LONDON - A teenager was charged in connection with a recent spate of high-profile cyberattacks against websites belonging to CIA, Sony and law enforcement organizations, British police said Wednesday.
Ryan Cleary, 19, was accused of five offenses under the Computer Misuse Act, including an attack which brought down the website of Britain's Serious Organized Crime Agency - the U.K.'s FBI equivalent.
That attack was one of several attributed to hackers operating under the name of Lulz Security, who have also claimed credit for engineering the leak of tens of thousands of user details and passwords from Sony Pictures, as well as attacks on the U.S. Senate computer system, the CIA website, and FBI partner organizations in Atlanta and Connecticut.
Cleary's supposed role in the collective was unclear. Police Commissioner Paul Stephenson described his arrest as "very significant," but Lulz has downplayed his importance.
Lulz said that while it had used Cleary's servers, he was "at best, mildly associated" with the group. It also promised to release more in the way of leaked data stolen from government websites, alluding to an operation that could occur as soon as Friday. The group didn't elaborate.
Little is known for sure about Lulz Security, although such groups are typically loose networks with supporters in more than one location, so an arrest could do little to bring it down and could even encourage supporters to carry on its cause. The group has gained 250,000 followers on Twitter and appears to have spawned at least one imitator group - Lulz Security Brazil, which on Wednesday claimed attacks that briefly knocked out several Brazilian government sites.

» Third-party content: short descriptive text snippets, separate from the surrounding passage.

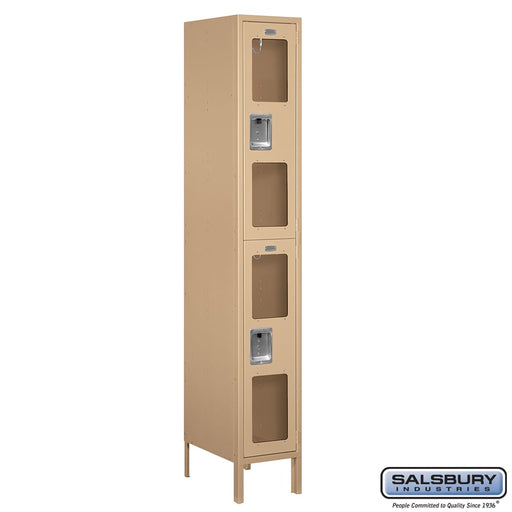 Salsbury 12" Wide Double Tier See-Through Metal Locker - 1 Wide - 6 Feet High - 18 Inches Deep - Tan - Assembled - Sweatfully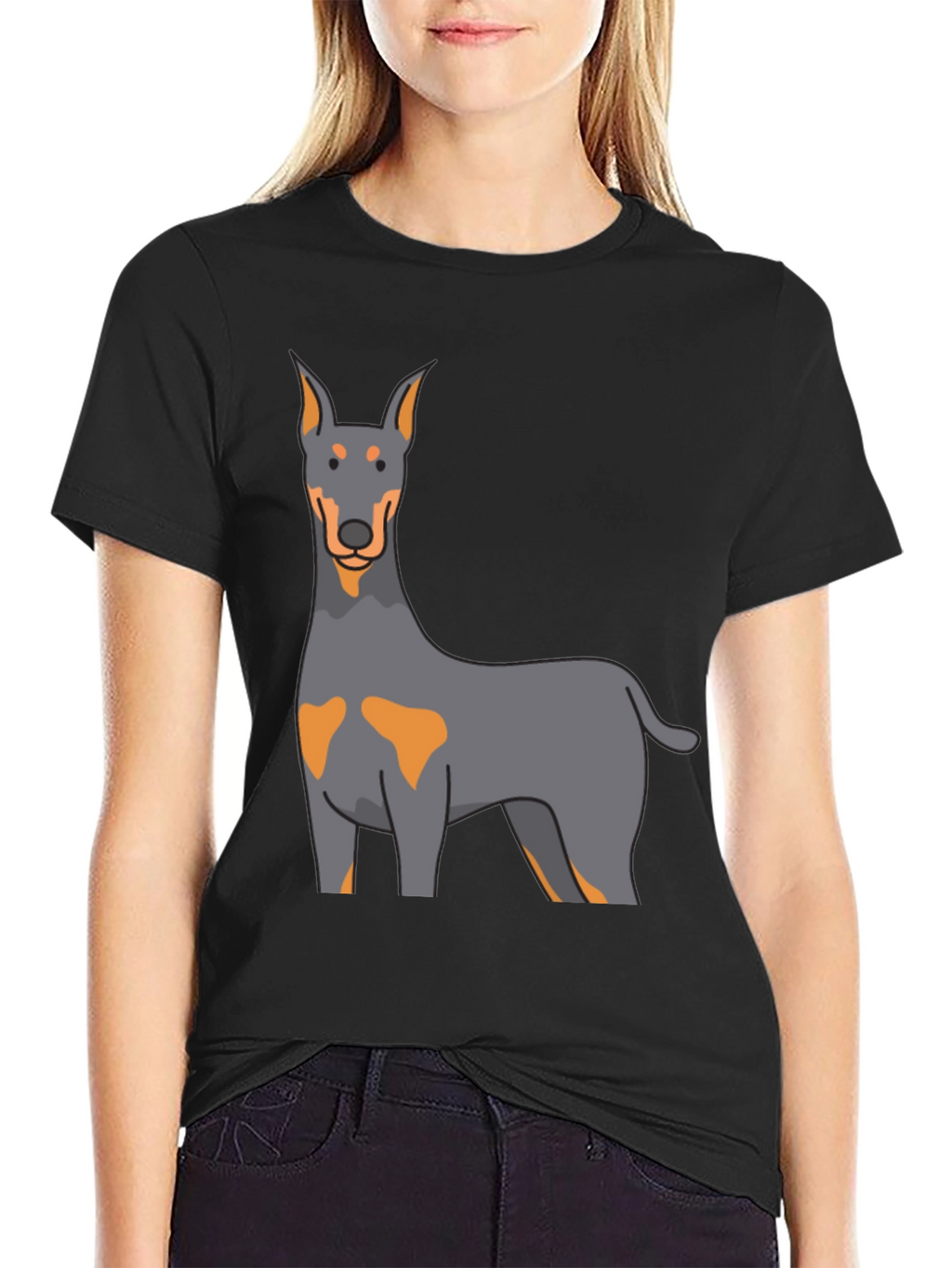 Doberman Dog Graphic Print Black T-Shirt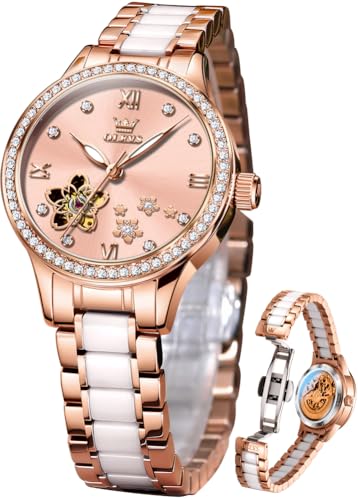 Image of OLEVS Womens Watches Automatic Luxury Dress Ladies Watch Ceramic Strap Rose Gold Self Winding Female Wrist Watch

So far, the charges leveled against Cleary are related only to attacks on U.K.-based organizations. It wasn't immediately clear whether the FBI, which is investigating Lulz Security's activities in the U.S., would pursue its own charges. FBI spokeswoman Jenny Shearer said the agency couldn't comment on the matter.
Several of the charges relate to recent activity against the Serious Organized Crime Agency and the distribution of malicious programs, but others date to fall of last year - when the teenager is accused of attacking the website of the British Phonographic Industry and its global counterpart, the International Federation of the Phonographic Industry.
The timing of those two attacks appears linked to a hacking operation dubbed "Operation Payback," led by an amorphous alliance of hackers known as Anonymous, which targeted music sites worldwide.
Lulz and Anonymous recently teamed up, calling for a united hacker effort to attack any government or agency that "crosses their path."
Cleary was due to appear at a London court Thursday.